Alain Bernard, consultant pour la télévision française à Rio, préparait ses notes à la buvette du centre de presse avant les finales d'hier soir. Le champion olympique 2008 du 100 m style libre était heureux de se faire interrompre par un journaliste canadien. L'ex-nageur se demandait justement d'où sortait Santo Condorelli.

À part pour le doigt d'honneur qu'il fait chaque fois qu'il monte sur le plot de départ, un rituel de longue date inventé avec son père, le sprinter de 21 ans ne faisait à peu près pas parler de lui depuis son arrivée au Brésil.

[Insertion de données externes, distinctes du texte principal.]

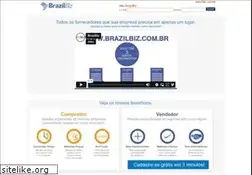 Sites similar to brazilbiz.com.br
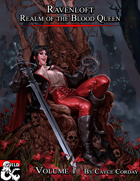 Ravenloft: Realm of the Blood Queen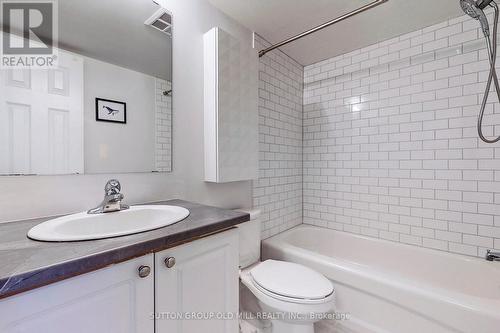 56 - 50 Turntable Crescent, Toronto (Dovercourt-Wallace Emerson-Junction), ON - Indoor Photo Showing Bathroom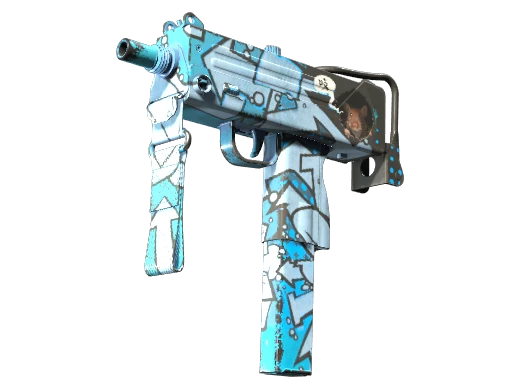 MAC-10 | Pipsqueak (Field-Tested)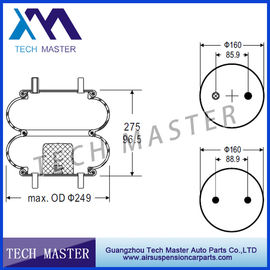 Rubber air spring suspension W01-358-6884 for track for Industrial Air Spring Bellow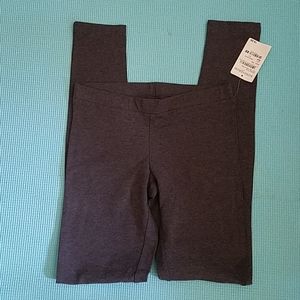 Gray leggings NWt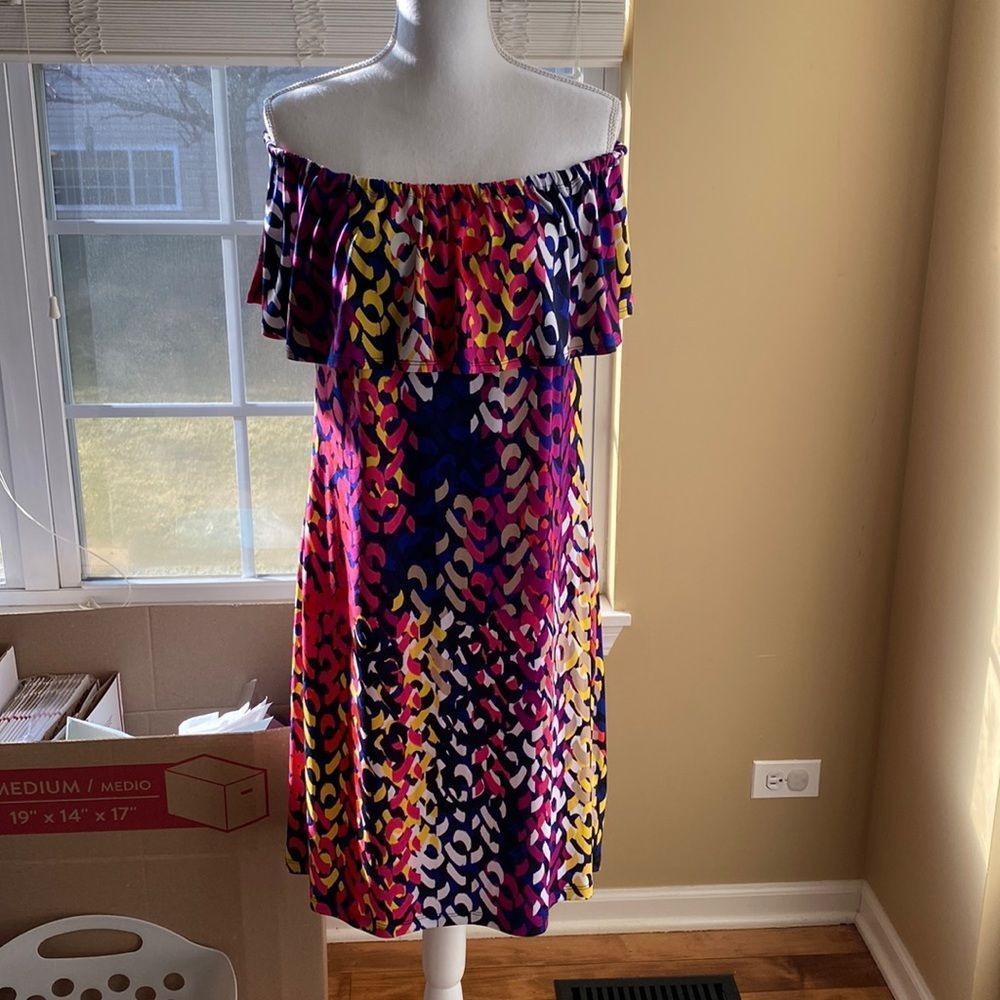 TRINA TURK Sundress L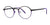 OGI Kids SNOW DAY Eyeglasses | Size 45 / Black Purple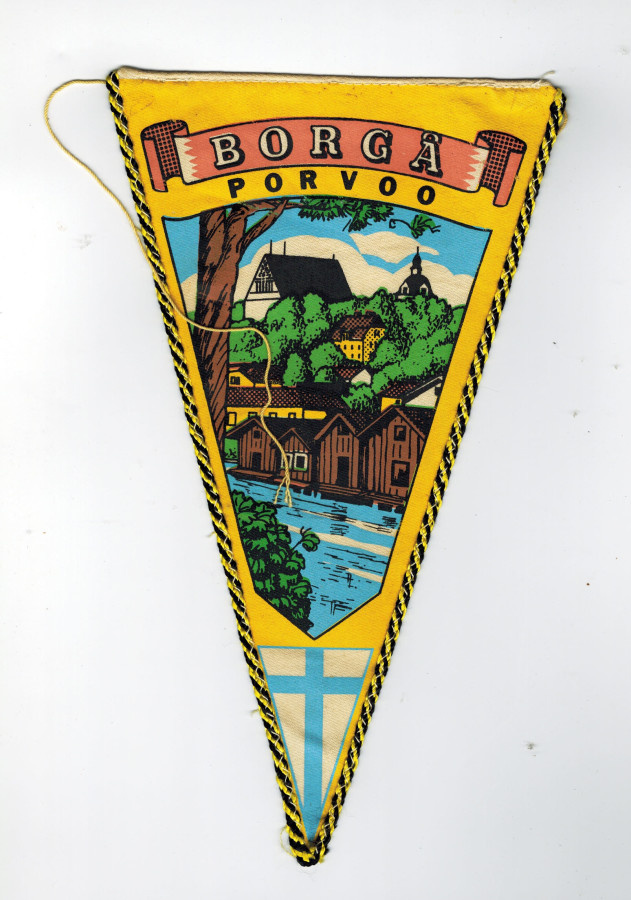 Porvoo * Matkailuviiri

« Il peut être dangereux », a calculé Bernard après s'être fait résumer son parcours jusque-là à Rio. « Il est dans cette dynamique vertueuse où tout va bien. Il prend des repères, il est décomplexé, il est à l'aise, efficace, il fait son meilleur temps. Donc je pense qu'il est une réelle force pour la finale s'il n'a pas beaucoup de stress, quoi. »

Le géant d'Antibes a prédit que Condorelli serait parmi les premiers au virage avec l'Américain Nathan Adrian.

« C'est quelqu'un qui a du courage parce qu'il part vite, a ajouté Bernard. Moi, j'étais dans ce même profil de course. J'étais quelqu'un qui devait partir vite parce que je ne pouvais pas faire mes 100 mètres sur mon retour. C'était mon identité, ce qui me correspondait. Il faut qu'il arrive à gérer son émotion et son énergie dans le premier 50 pour qu'il soit fort au retour... »

Le champion avait vu juste. Parti comme une balle avec Adrian, Condorelli, premier au virage, est venu près de causer la surprise. Mais il s'est fait prendre à son propre jeu, « ramenant » avec lui ses deux voisins de couloir, l'Australien Kyle Chalmers et le Belge Pieter Timmers, respectivement médaillés d'or et d'argent.

Adrian, le tenant du titre, a touché au mur juste avant le Canadien. Pour trois centièmes, Condorelli a échappé la médaille. « C'est dommage de finir quatrième par cette marge. Ça m'est arrivé aux Mondiaux [4e à 0,07 s], mais je suis juste heureux, a-t-il réagi. Avec tout ce qui m'est arrivé ces derniers mois, j'ai changé d'entraîneurs, je suis resté concentré, j'ai réussi mes meilleurs temps quand j'en avais besoin. Je n'ai pas à me plaindre. »

Erreur «stupide»

Pieds nus, tuque enfoncée sur la tête, emmitouflé dans un kangourou, Condorelli avait en effet l'air joyeux. Comme l'a souligné Bernard, il a montré du courage en se lançant en 22,22 secondes sur la première longueur. Il a enregistré un temps total de 47,88 s, une marque personnelle.

« J'étais fier de moi : partir comme ça et ne pas m'en faire avec quoi que ce soit, mener ma propre course, J'étais heureux. Je suis aux Olympiques, ma première fois ici et je fais la finale. Je finis quatrième, ce n'est pas une médaille, mais bon, peu de gens peuvent dire qu'ils ont fait ça. »

Condorelli se reprochait seulement une erreur « stupide » dans l'exécution de sa course. « En partant, j'ai comme tracté l'Australien [Chalmers] à droite. Je sais qu'il revient très fort, alors je ne voulais pas le ramener avec moi. J'ai alors commencé à glisser à ma droite. Je ne prêtais pas attention au kid à ma droite... Il a donc dérivé de mon côté. Whatever ! »

Le « kid » en question était Timmers, un nageur de 28 ans qui disputait la dernière grande course de sa carrière, comme me l'a expliqué un collègue belge avant l'épreuve.

On pardonnera ce petit écart à Condorelli. Lui-même n'aura plus de présentation à faire la prochaine fois qu'il se retrouvera dans une grande finale. Né au Japon d'une mère ontarienne et d'un père américain, élevé en Oregon et développé en Floride et en Californie, il a dépoussiéré son passeport canadien en 2015. Avec la retraite de Brent Hayden, médaillé de bronze en 2012, voilà que l'équipe canadienne peut compter sur un gros poisson dans l'épreuve reine de la natation.

En attendant, Condorelli sera de retour dès cet après-midi pour les préliminaires du 50 m libre et du 100 m papillon.